On the other hand, the region defined by an operation in the OpenMP dialect representing a block-associated construct does not impose these restrictions that loop wrappers have.
Below are examples of what the MLIR representation for parallel for
and distribute parallel for
would look like.
// #pragma omp parallel for
omp.parallel { // NON-WRAPPER (block-associated)

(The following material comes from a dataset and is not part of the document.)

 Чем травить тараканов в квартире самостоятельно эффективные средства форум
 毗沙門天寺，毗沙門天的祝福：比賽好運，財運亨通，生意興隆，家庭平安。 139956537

// <Allocations inserted here...>
%c0_i32 = arith.constant 0 : i32
%c10_i32 = arith.constant 10 : i32
%c1_i32 = arith.constant 1 : i32
omp.wsloop {
omp.loop_nest (%arg0) : i32 = (%c0_i32) to (%c10_i32) step (%c1_i32) {
// ...
omp.yield
}
omp.terminator
}
omp.terminator
}
// #pragma omp distribute parallel for
// <Allocations inserted here...>
%c0_i32 = arith.constant 0 : i32
%c10_i32 = arith.constant 10 : i32
%c1_i32 = arith.constant 1 : i32
omp.distribute {
omp.parallel { // WRAPPER (loop-associated)
omp.wsloop {
omp.loop_nest (%arg0) : i32 = (%c0_i32) to (%c10_i32) step (%c1_i32) {
// ...
omp.yield
}
omp.terminator
}
omp.terminator
}
omp.terminator
}
Problem
The problem with having the omp.parallel
operation be able to represent both block and loop associated cases is that, as part of its behavior as a block-associated construct, it has the OutlineableOpenMPOpInterface
. This interface is then used in various places in Flang to identify blocks where allocations can be inserted, which is only legal for omp.parallel
if it’s not taking a loop wrapper role.
In the examples above, the intended place where allocations should go is marked with a comment. However, the current behavior would be to always insert these allocations inside of the omp.parallel
region.
Potential solutions
There are different ways we could go about this, but I wanted to get some opinions first before committing to any option:
- Updating each place where the
OutlineableOpenMPOpInterface
is used to make an exception if it’s anomp.parallel
taking a loop wrapper role. It doesn’t seem like a very scalable solution, but there’s an implementation downstream that could be upstreamed relatively quickly. - Updating the
OutlineableOpenMPOpInterface::getAllocaBlock()
method itself to check if the operation is anomp.parallel
, and returning a null pointer if it is and it’s also taking a loop wrapper role. Callers would need to be updated to not rely on it always returning a valid pointer and from a design perspective it won’t look very good (maybe we can force all operations using this interface to define this method or somehow override it foromp.parallel
instead). - Adding an
omp.parallel.wrapper
or similar operation to disambiguate between block and loop associatedparallel
constructs. It would basically be a copy ofomp.parallel
differing only in their lists of traits and description. This may make passes and translation to LLVM IR more difficult, since then there would be two operations representing basically the same construct. - Relaxing loop wrapper restrictions to allow other operations. It would be problematic to define what to allow and what not to, and how to deal with it when translating to LLVM IR, since a composite construct is intended to work as a semantic unit that implicitly incorporates some code transformations.
There might also be other solutions I haven’t thought about, so I’m open to other ideas as well.